Homily for the Vigil of Passion Sunday

by Judith Sutera, OSB 

For anyone familiar with the Prologue of the Rule of St. Benedict, the passage from the letter to Timothy should strike some familiar notes. Like St. Paul, St. Benedict speaks of the Christian as a soldier or an athlete, adding also the image of a student. What all these models have in common is that they involve discipline. One must come with readiness to put in the work to learn a way of life by developing ever increasing skills. “Discipline” and “disciple” have the same Latin root, the word for “way of life.” As we complete the season of Lent, we should have been practicing the disciplines of prayer, sacrifice and service, not to punish ourselves, but to strengthen our soul muscles just as physical exercises strengthen an athlete, intellectual exercises develop a student, or military exercises prepare a soldier.

In the earliest monastic writings, the goal of any discipline is to build endurance to face whatever comes in life. The seminal text, the Life of Antony, is built on the theme of his remarkable ability to stand firm and to let the devil attack without fleeing, then to be neither elated nor despondent, to respond always with enduring faith that does not change or waver. This foundational monastic virtue of equilibrium is echoed in St. Benedict’s description of humility, in which the person who has reached the height of holiness is, by outward appearances, unremarkable, except for a pervasive sense of peacefulness.

The ideally humble person, of course, is Jesus, “who humbled himself.” As Jesus enters Jerusalem for his last Passover, he receives overwhelming praise, the kind that would tempt any person to be full of himself. Yet we don’t get the impression that he’s smiling and waving like the hero in a tickertape parade.

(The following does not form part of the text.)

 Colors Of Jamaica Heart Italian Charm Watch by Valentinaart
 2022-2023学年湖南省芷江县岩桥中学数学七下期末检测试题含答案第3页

Neither is he demurring and trying to tell people how undeserving he is. He is accepting of the highest of praise. In less than a week, he will be accepting of the most brutal of abuses with the same calm and self-possessed equilibrium.

Our monastic tradition teaches us that our discipline should lead us towards this ideal humility, that is, true balance in the face of any good or evil circumstance. How could Jesus do this? One must look to the end of the sentence from Phillipians: “… who humbled himself, becoming obedient even unto death.” True humility is obedience. Like the soldier who does not run from battle, the athlete who does not reject the rigors, the student who learns the material, we develop the discipline in order to stay the course. In obedience, Christ could not reject his fate, even as it led to extreme highs and lows. Walking the streets into Jerusalem as the star of the parade would lead him to the streets where he would be the object of scorn or pity. In these next few days, we will symbolically experience a vast range of events and emotions, from today’s exuberant joy, through the depths of suffering and death, and into an even more victorious joy.

And each of us will, through the days of our own lives, experience the same stages in our journey. We must pray for, and strive to have, the discipline to walk each day with a growing humility of obedience, wherever the road leads.